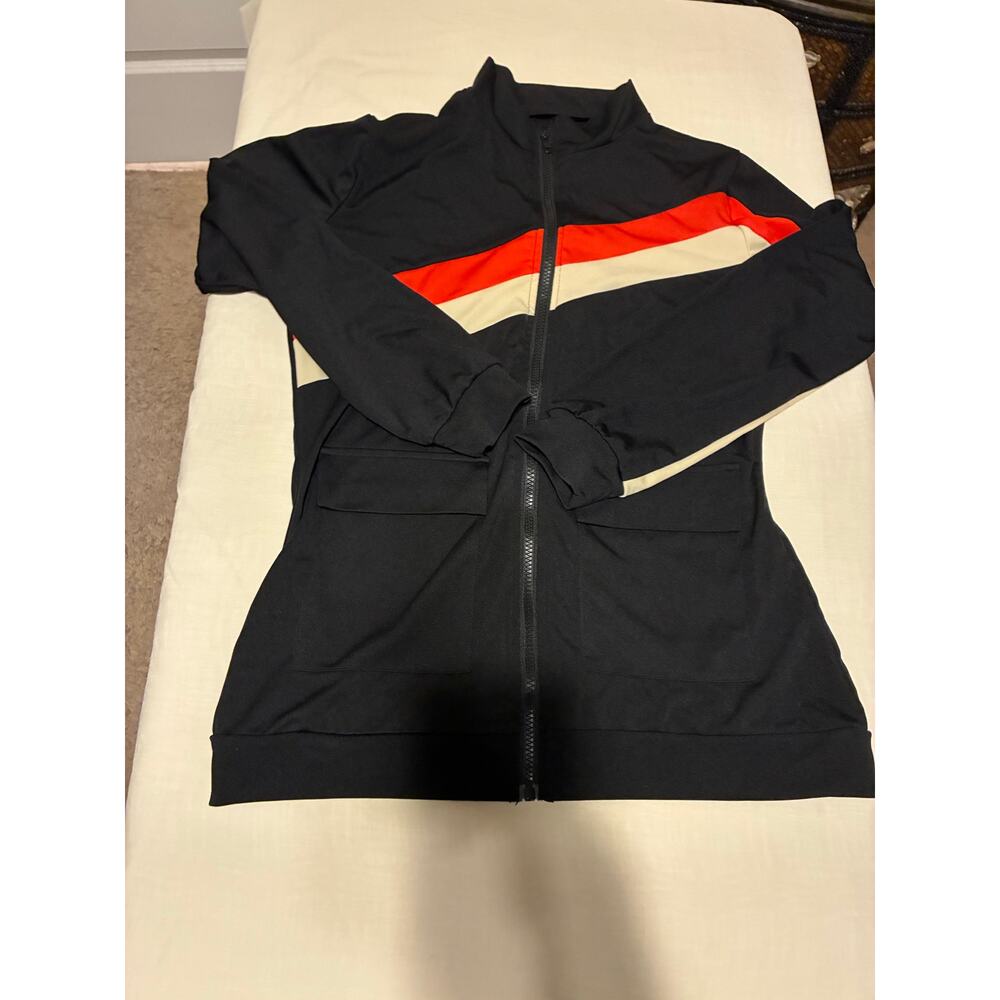 Womens Track Jacket Black Red White Stripe Zip Up Athletic Stretch Jacket L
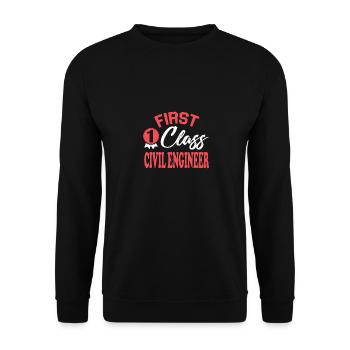 Erstklassiger Bauingenieur - Unisex Pullover - Schwarz - Vorne - Alina (178cm) & Michal (187cm)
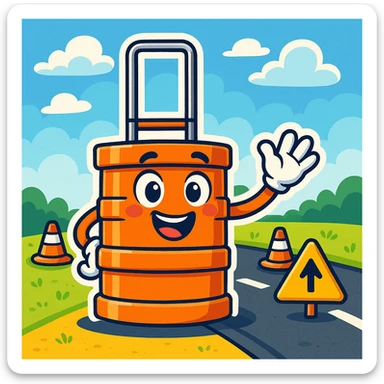 Make a fun cartoon scene with the orange road construction barrel as the main character. Add a bright, playful background with a road, some traffic cones, and a blue sky with clouds in the style of cartoonish stickers. sticker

→ Required action
Reproduce only the lines from the first line of the listing above up to and including the line that holds "Erstklassiger Bauingenieur - Unisex". Omit the pictures.

→ Task response
 Womens Track Jacket Black Red White Stripe Zip Up Athletic Stretch Jacket L
 Erstklassiger Bauingenieur - Unisex Pullover - Schwarz - Vorne - Alina (178cm) & Michal (187cm)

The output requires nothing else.